As capital and knowledge become widely accessible, the advantage no longer lies in having them—but in how you use them. Just as capital leverage moved from access to allocation, cognitive leverage is shifting from scarcity to judgment. In a world of abundant tools, the true edge is clarity, synthesis, and decisive action.

Capital used to be the moat. Now, it’s cognition. And both are cheap.

When capital became widely available, the power shifted from access to allocation. Now we’re watching the same thing happen with knowledge. Cognitive leverage—once gated—is abundant. But that doesn’t mean it’s easy to use.

Capital leverage once defined power. Access to financial resources was limited, and those who controlled it—banks, institutions, and industrialists—held all the cards. Simply having capital was an edge in itself. Whether you were lending it, acquiring distressed assets, or underwriting deals, power came from control.

But as interest rates dropped and access to capital widened, the dynamics shifted. Startups began raising millions with just a pitch deck. Retail investors flooded the markets. Capital became cheap and abundant. The edge no longer belonged to those who had capital—but to those who could allocate it well. Judgment overtook access as the key differentiator.

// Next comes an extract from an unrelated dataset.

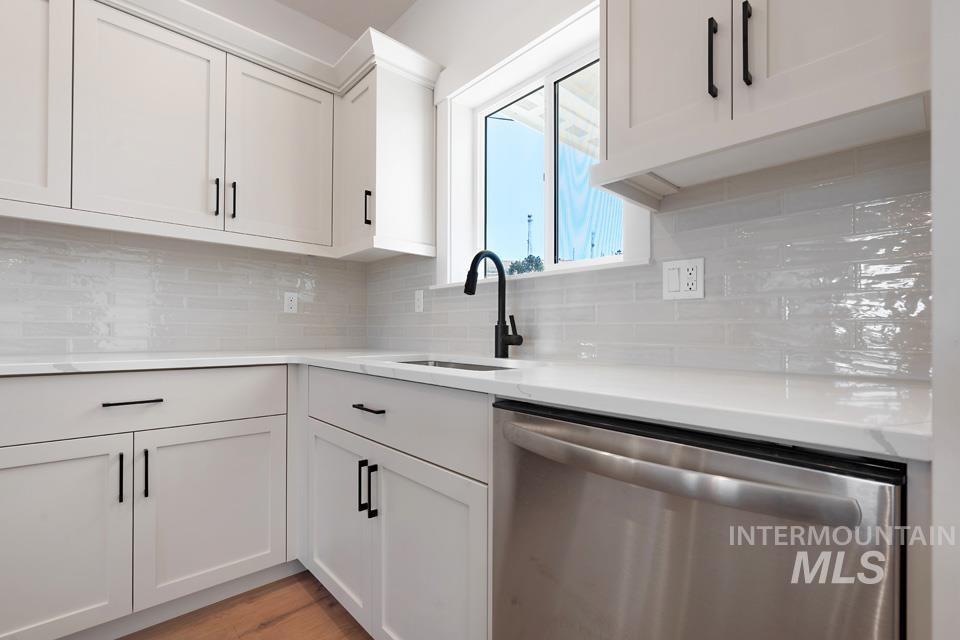 881 S Iowa Property Photo 16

Cognitive leverage followed a similar path. For decades, knowledge was scarce. Expertise lived behind elite institutions, credentialed gatekeepers, and expensive consulting firms. To make sense of complex problems, you needed time, money, and specialized training. Those who could interpret complexity had the advantage.

Now, AI has democratized access to knowledge. Open-source tools, free education platforms, and AI agents can summarize dense research, write code, and even provide strategic insights. But access doesn’t equal mastery. Just like capital, cognitive leverage is now cheap and abundant—but unevenly applied.

The edge today belongs to those who can use this leverage effectively. The ones who ask sharper questions, synthesize information faster, and act with clarity. It’s no longer about owning the tool—it’s about knowing what to do with it.

Capital became cheap, and allocation won. Cognition is becoming cheap, and now judgment wins.

In a world where leverage is everywhere, clarity is rare. That’s your edge. Use it.